Dushku described the ordeal of one young woman she met. Rose was snatched at age 10 and a year later had a baby by one of the men who regularly raped her. The 22-year-old mother of four is safe now, but, like so many others, continues to suffer from the trauma.

Rose told Dushku that a group of young girls was sitting under a tree when a soldier singled out one of them. He asked the girls if the one he chose was "beautiful." They didn't know what he wanted them to answer, but said, yes.

"Beauty is trouble for men," he told them. "It causes conflict and competition among them."

The soldier then shot the girl dead, Dushku said, and required the others to lick the blood off her body as a warning of what happens to "beautiful girls."

The group visited an LDS congregation in Gulu, where the young branch president told Dushku that every member — male and female — had been traumatized by war.

Another young mother, Lucy, now brings together 35 such female survivors every Sunday under a tree for a kind of support group.

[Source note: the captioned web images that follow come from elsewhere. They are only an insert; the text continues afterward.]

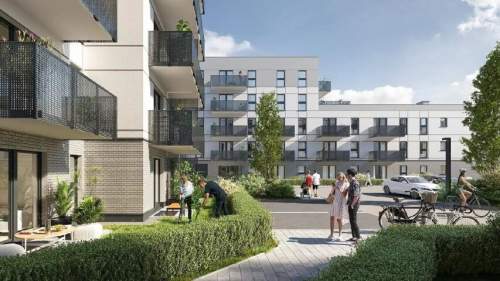 Podgórze 2 pokoje 42m2 - zieleń, SKA25mi Centrum PROMOCJA 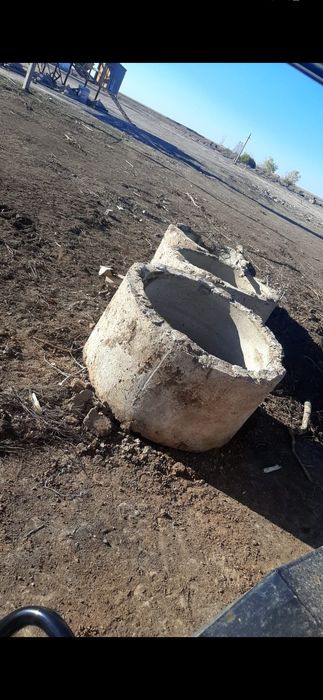 Продам бетонные кольца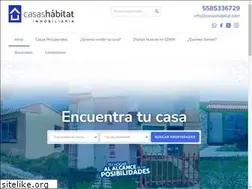 Sites similar to casashabitat.com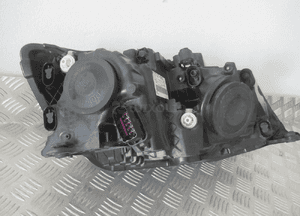 Lampa przednia przód lewa skoda fabia iii 3 6V1 soczewka 2014-2018 15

"We Mormons are big into family history," Dushku said. "Lucy is creating a new kind of family with a history. And our 11 Mormon women are part of a family that now has a history. Creating these families and telling these stories is part of our concept of Zion."

Dushku returned to the United States and launched a nonprofit organization, THARCE-GULU Inc., which stands for Trauma, Healing and Reflecting Center. She wants to build a center where women can reveal the horrors they have experienced as a way of healing. Dozens of eager participants from the LDS network have offered their time and money as have many others from various regions, religions and professions.

The fierce feminist feels an urgency to document these agonizing "herstories" before they, like so many other women's perspectives, are lost.

"To hear their stories and do nothing is to be a voyeur," one participant told Duskhu, expressing what they all felt. "I will not be that."